1 1. Coordinates, points, and lines
2 Also See
3 Comments

1. Coordinates, points, and lines

The distance between two points

Consider the line shown in the image below.

Figure 001

How would one calculate the distance between two points on this line? It is a simple problem of Pythagoras' Theorem.

Example

1. Calculate the distance between the points (2, 2), and (4, 4).

This is a simple problem, and it involves the line that has been displayed previously. Consider the line segment bounded by the points (2, 2), and (4, 4). This line segment is the line whose distance needs to be calculated.

Now, one might consider the line as the hypotenuse of a right-angled triangle. The logic behind this decision is simply that one can easily calculate the lengths of the other two sides, and hence apply Pythagoras' Theorem, in order to obtain the desired length.

In this example one would consider the lines y = 2 , and x = 4 . The reason for choosing these lines is that one wishes to construct a right angled triangle whose hypotenuse is the length that one wishes to calculate.

One knows that these lines will intersect at (4, 2), and hence one is able to calculate the lengths of the two sides. One side is the line which goes through (4, 2), and (4, 4), having a length of 2; and the other line goes through the points (2, 2), and (4, 2), having a length of two.

Now apply Pythagoras' Theorem to these values:

$a^{2} + b^{2} = c^{2}$

$2^{2} + 2^{2} = c^{2}$

$8 = c^{2}$

$c = \sqrt{8}$

Obviously, this example goes into much more depth than one would go into on a question normally, however it demonstrates the reasoning behind the method, and allows for greater understanding. This technique is a useful and easy technique that can be generalised in a simple manner.

Generalisation

Consider the points $x_{1} ,\ y_{1}$ , and $\left( x_{2} ,\ y_{2} \right)$ ; calculate the distance between these points.

One needs to obtain the lengths of the sides (other than the hypotenuse) of the triangle (as seen in the numerical example on Page 003). To do this, simply do the following: $a = y_{2} - y_{1}$ , and $b = x_{2} - x_{1}$ (note that the variables a, and b do not necessarily have to correspond to a specific side, they must merely refer to one of the two shorter sides, and this side must not be the one which is referred to by the other variable).

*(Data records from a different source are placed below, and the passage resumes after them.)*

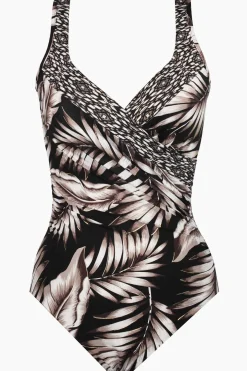 Oasis Colorblock It's A Wrap One Piece Swimsuit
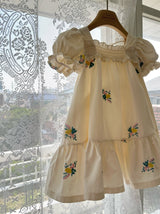 Latte Embroidered Dress_ Ivory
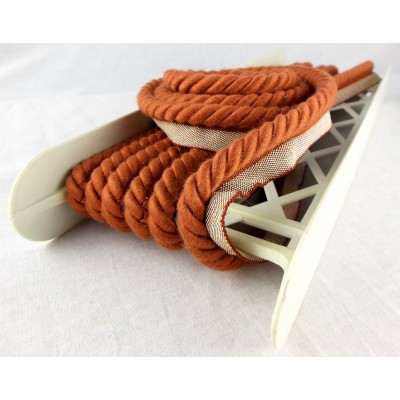 Cottonfields Flanged Cord Terracotta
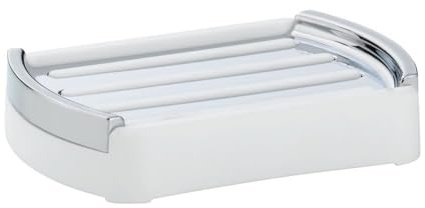 Kela Badezimmer Seifenblock Halter, Kunststoff, Weiß, 13 mm X 9 mm
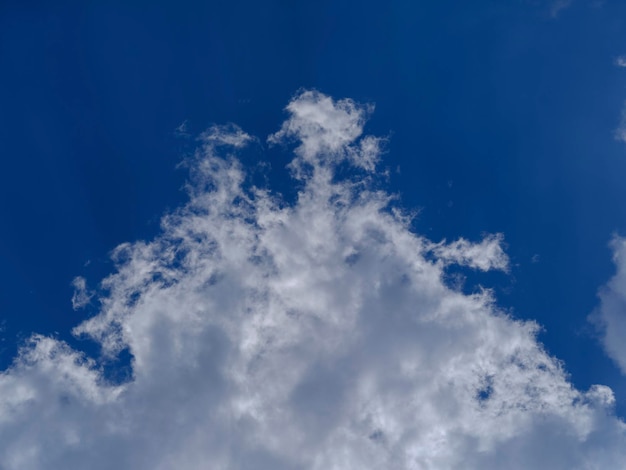 cielo azul y nubes mullidas blancas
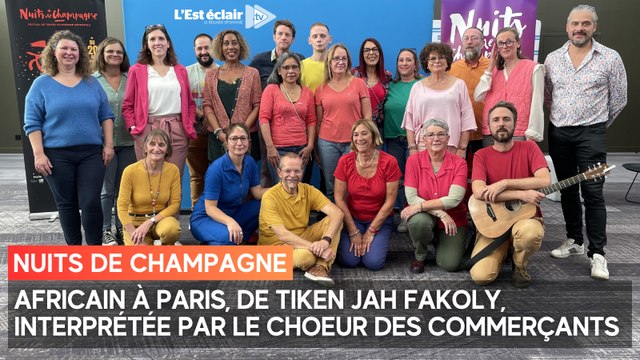 Africain à Paris, de Tiken Jah Fakoly, par le chœur des commerçants de Troyes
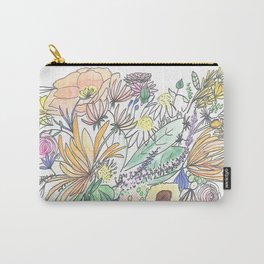 Flowers Everywhere Carry-All Pouch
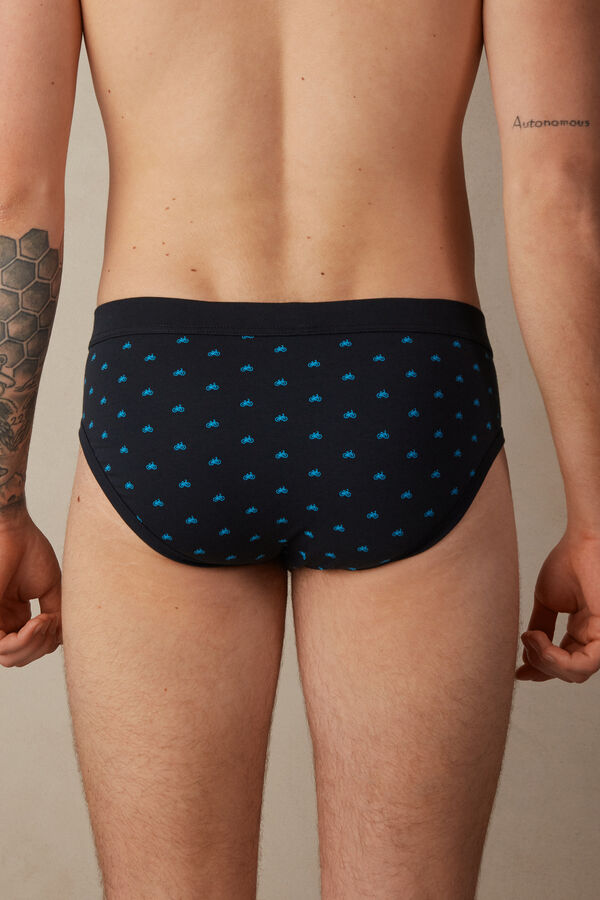 Intimssimi Bicycle Briefs in Stretch Supima® Cotton Blue | ILQCS60346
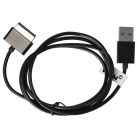 VHBW 1x USB Datenkabel Tablet - 2 in 1 Ladekabel für normale USB Tablets 100 cm schwarz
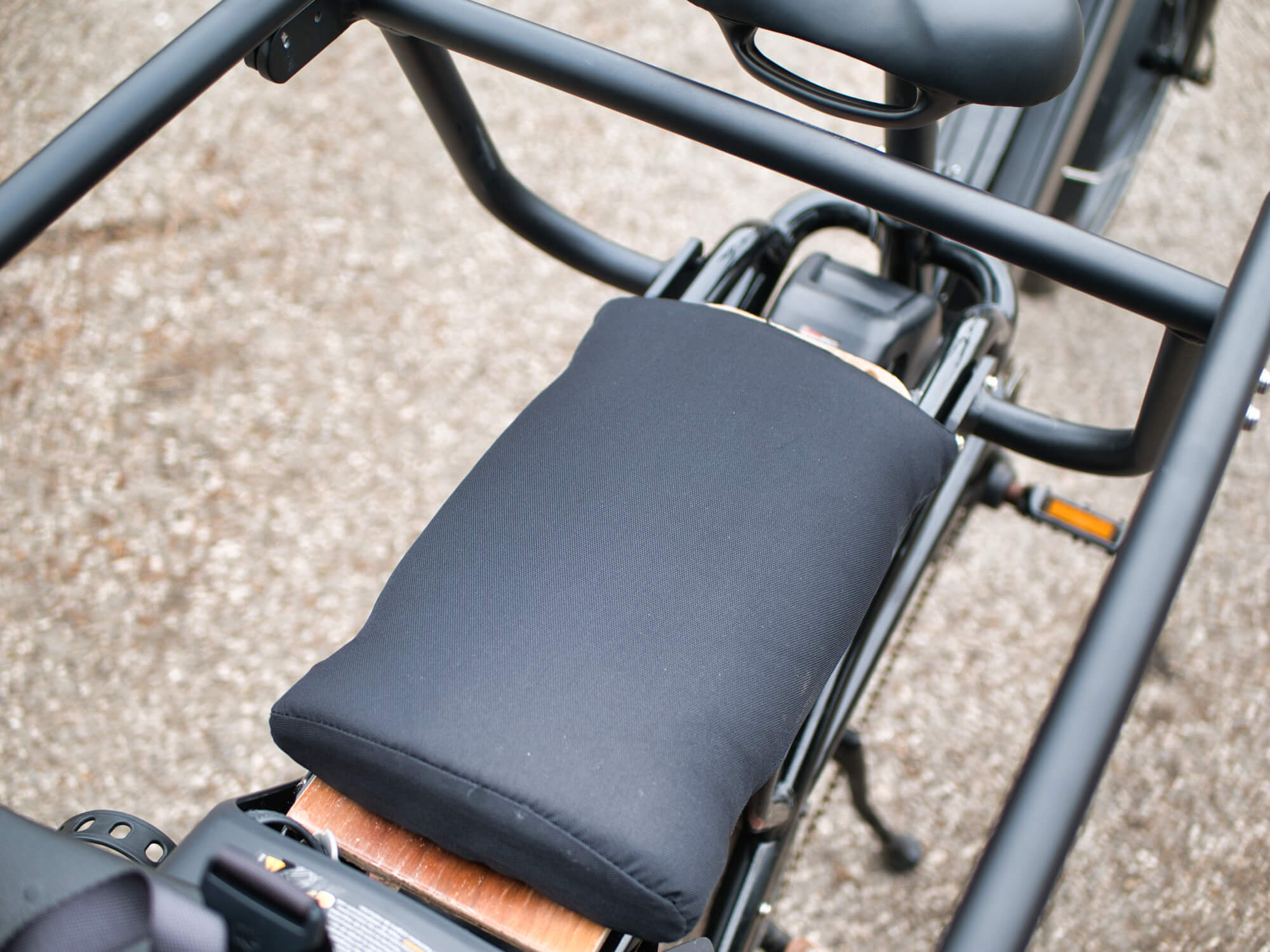 Mycle Cargo review - seat pad
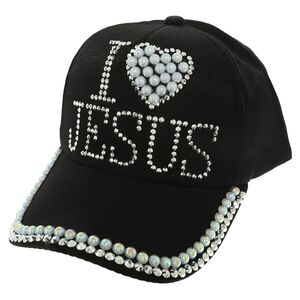 Elegant Black Rhinestone Jeweled Embellished Baseball Cap NWT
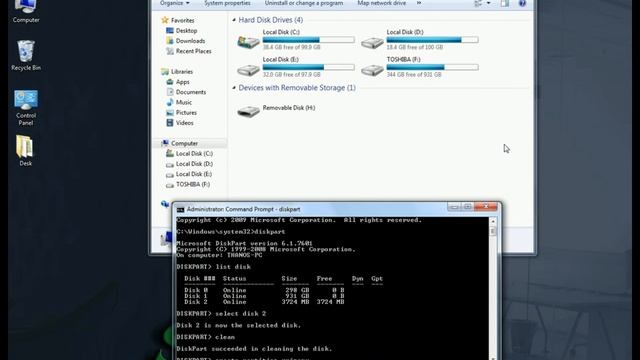 How to format pendrive in cmd in hindi | Windows was unable to complete the format| смотреть онлайн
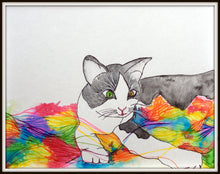 Nursery Art: Zig Zag, the Cat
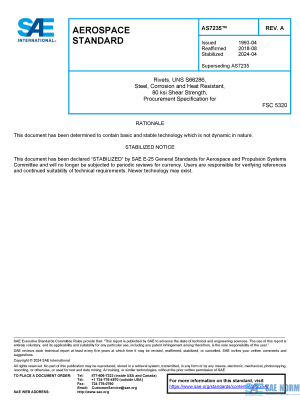 SAE AS 7235 Series PDF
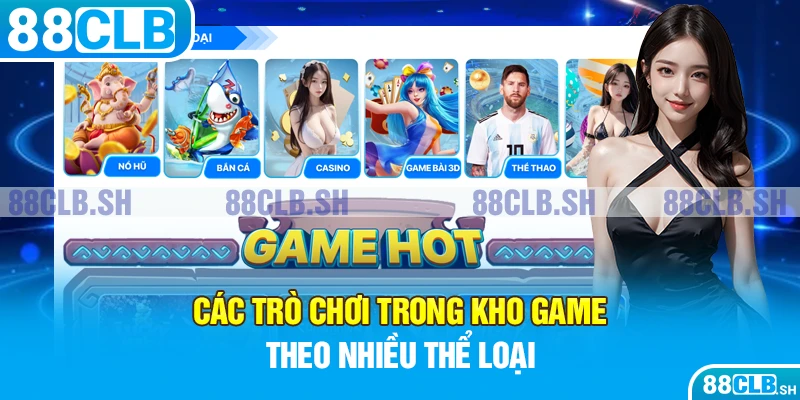 Các trò chơi trong kho game theo nhiều thể loại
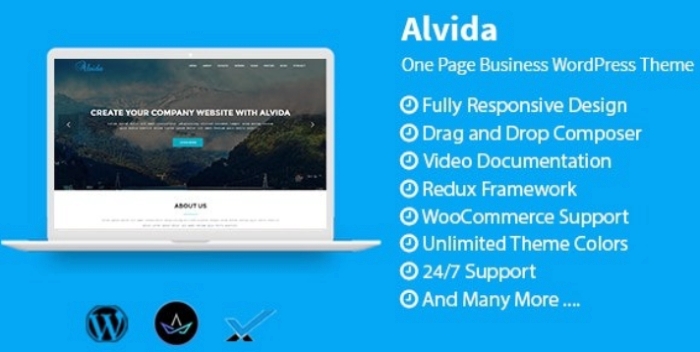 Alvida – One Page Business WordPress Theme 1.3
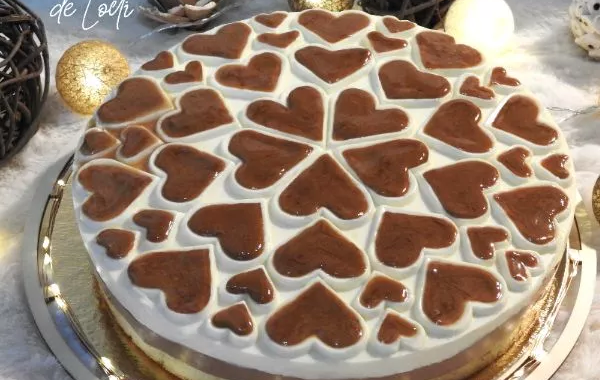 Pétales de coeurs aux 2 chocolats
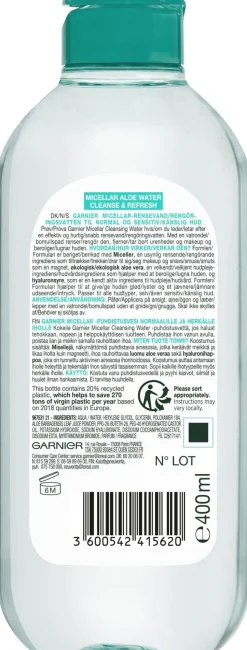 Garnier Micellar micellar-puhdistusvesi normaalille iholle 400 ml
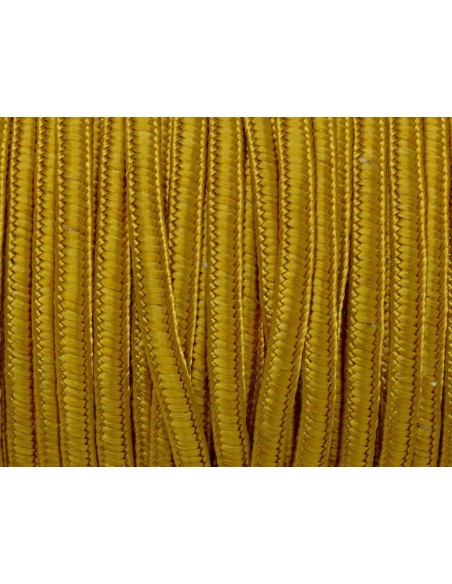 Cordon soutache jaune ocre 4mm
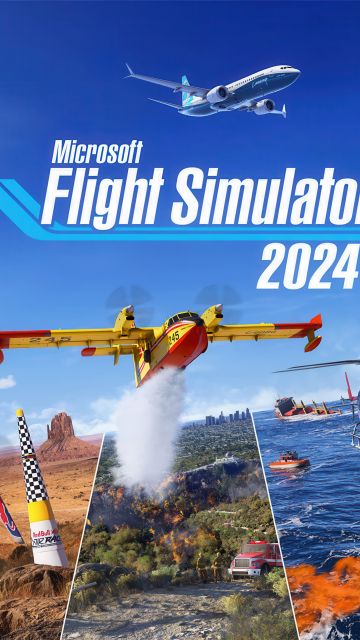 Microsoft Flight Simulator, 2024, Video Game, Game Art, 5K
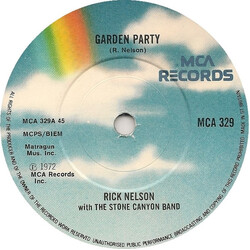 Rick Nelson & The Stone Canyon Band Garden Party Vinyl 7" USED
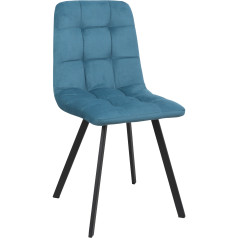 Стул ФИН Лазурный CAMARO 21/Черный, ткань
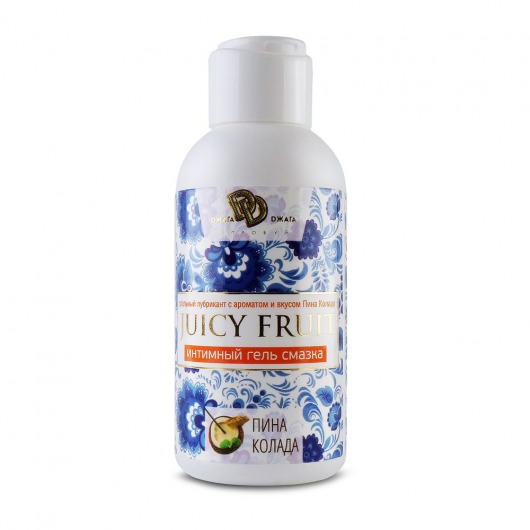 Интимный гель на водной основе JUICY FRUIT с ароматом пина колада - 100 мл. - БиоМед - купить с доставкой в Омске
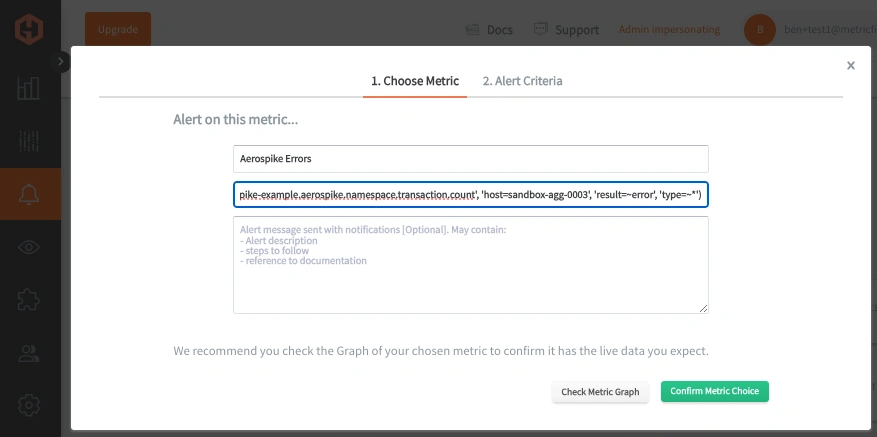 How to Monitor Aerospike With OpenTelemetry and MetricFire - 4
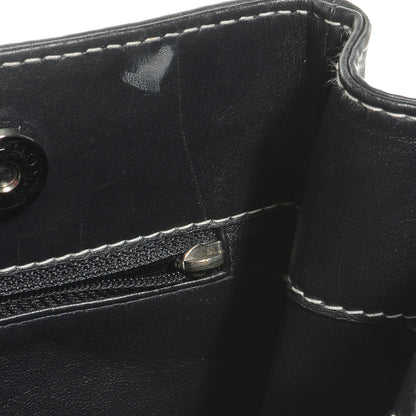 Chanel Leather Contrast Stitch Surpique Shoulder Bag Navy 7 of 8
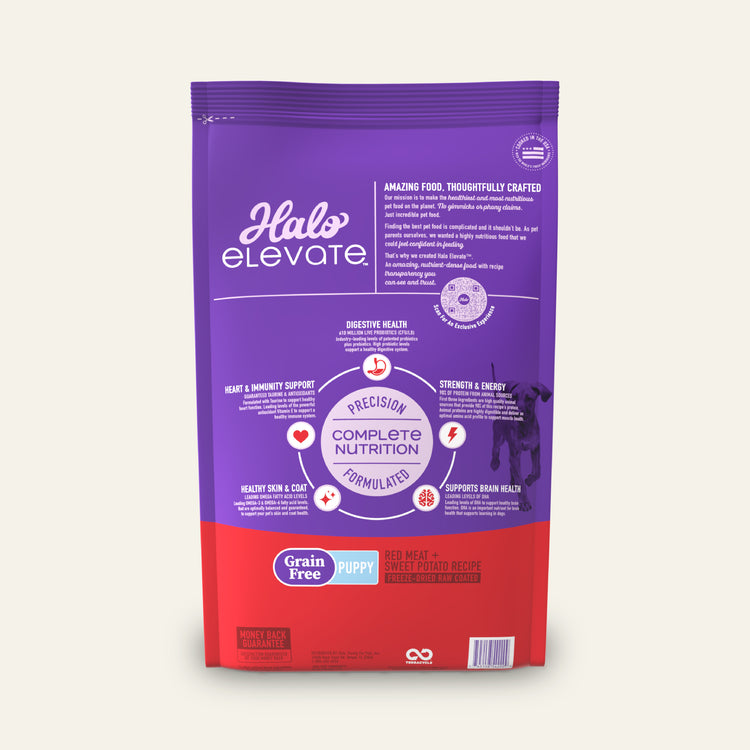 Halo® Elevate Dog Grain Free Puppy Red Meat Recipe Dry Food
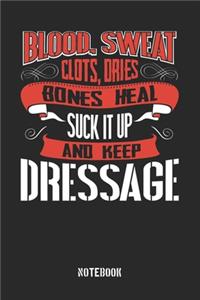 Blood clots sweat dries bones heal. Suck it up and keep Dressage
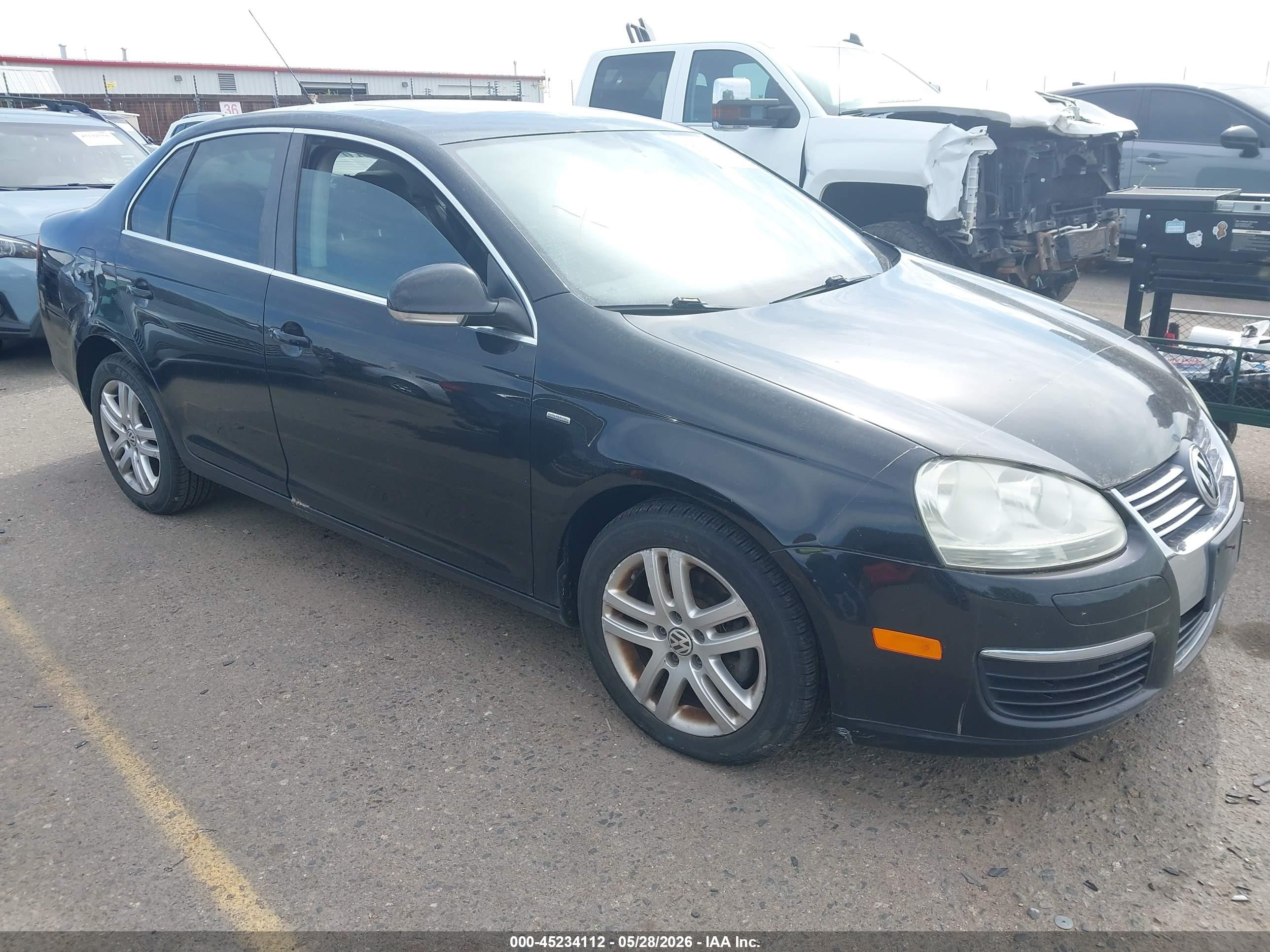 2007 Volkswagen Jetta Wolfsburg Edition Черный vin: 3VWEF81K37M184521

Now one has all the information that one needs to conduct Pythagoras' Theorem:

$a^{2} + b^{2} = c^{2}$

$\left( y_{2} - y_{1} \right) ^{2} + \left( x_{2} - x_{1} \right) ^{2} = c^{2}$

$c = \sqrt{ \left( y_{2} - y_{1} \right) ^{2} + \left( x_{2} - x_{1} \right) ^{2} }$

This is therefore the method that one can use in order to calculate the distance between the two points.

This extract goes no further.